I came to this while trying to understand for what ideals does Nullstellensatz holds for real field.

I realised that the failure has to do more with the smallness of the $\mathcal{V}(I)$ over non-closed fields since the behaviour of the radical seems to be similar in all cases. So, I was able to prove that $\overline{\mathcal{V}_{\mathbb{R}}(I)} = \mathcal{V}_{\mathbb{C}}(I)$ does imply that $\mathcal{I}_{\mathbb{R}}\mathcal{V}_{\mathbb{R}}(I) = \sqrt{I}$

Proof:(for general $k$ and $\overline{k}$(algebraic closure))

Then, we have that $\mathcal{I}_{\mathbb{\bar{k}}}\mathcal{V}_{\mathbb{k}}(I) = \sqrt{I^{e}} $........(1) by the Nullstellensatz.

Also note that $\mathcal{I}_{\mathbb{\bar{k}}}\mathcal{V}_{\mathbb{k}}(I) \cap k[x_1, \cdots x_n] = \mathcal{I}_{\mathbb{k}}\mathcal{V}_{\mathbb{k}}(I)$.

But Also $\sqrt{I^{e}} \cap k[x_1, \cdots x_n] = \sqrt{I^{e} \cap k[x_1, \cdots x_n]}$ (inverse image and radical commute).

But also $I^{ec} = I$ for the ring extension $k[x_1, \cdots x_n] \to \bar{k}[x_1, \cdots x_n]$.

Proof of the last claim is elementary. I first sured this by proving it for $\mathbb{R}$ and $\mathbb{C}$.

Because ideals are finitely generated, above boils down to :

Take $f_1 \cdots f_r$ polynomials with real coefficients. if $h_1, \cdots h_r$ are polynomials with complex coefficients such that $f_1h_1 \cdots + f_nh_n \in \mathbb{R}{x_1, \cdots x_n}$ then there exist polynomials $g_1, \cdots g_r$ with real coefficients such that $f_1h_1 \cdots + f_nh_n \in \mathbb{R}{x_1, \cdots x_n} = f_1g_1 \cdots + f_ng_n $ (simply take the real parts).

This also tells us how to prove the fact for any field extension! If $L \subset K$ is a field extension then $I^{ec} = I$ for the inclusion: $L[x_1, \cdots x_n] \to K[x_!, \cdots x_n]$.
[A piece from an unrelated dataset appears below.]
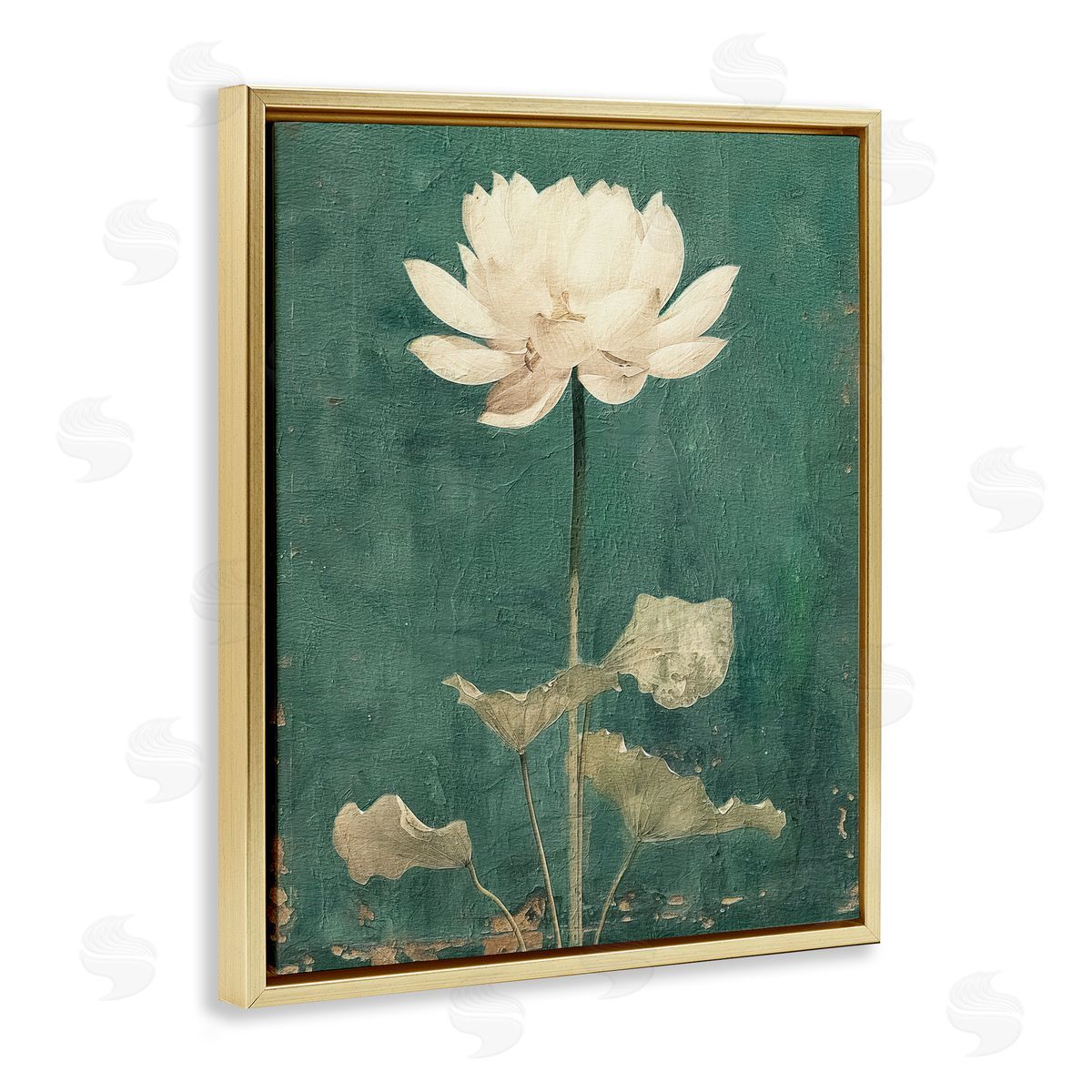 Vintage Floral Bud Gold Floating Frame Canvas Wall Art, Home Decor by RileyB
THe idea is to simply take a basis of $L$ over $K$ and write every $K$ polynomial uniquely using this basis and $L$ polynomial. Uniqueness is easy to prove.

So, then taking intersection on both sides of (1)

gives

$\mathcal{I}_{\mathbb{k}}\mathcal{V}_{\mathbb{k}}(I) = \sqrt{I}$.

SO, we have one sufficient condition on $V(I)$ for $\mathcal{IV}(I) = \sqrt{I}$ to hold over fields. \

So, now I am thinking about the converse as asked in my original question.

If $\overline{\mathcal{V}_{\mathbb{R}}(I)} \subset \mathcal{V}_{\mathbb{C}}(I)$ then we get that

$\mathcal{I}_{\mathbb{C}}\mathbb{V}_{\mathbb{R}}(I) \supset \sqrt{I^{e}}$ (strictly)

Now I want to show that

$\mathcal{I}_{\mathbb{C}}\mathbb{V}_{\mathbb{R}}(I) \cap \mathbb{R}[x_1, \cdots x_n] \supset \sqrt{I^{e}} \cap \mathbb{R}[x_1, \cdots x_n]$ (strictly) then my question is answered in positive.

I know that in general that contraction of two different radical ideals under the inclusion $\mathbb{R}[x_1, \cdots x_n] \to \mathbb{C}[x_1, \cdots, x_n] $ is not injective but here the $\mathcal{V}_{\mathbb{R}}(I)$ are special since they are ideals of zero sets which contain all complex conjugates since they are zero sets of real polynomials.

Thank you.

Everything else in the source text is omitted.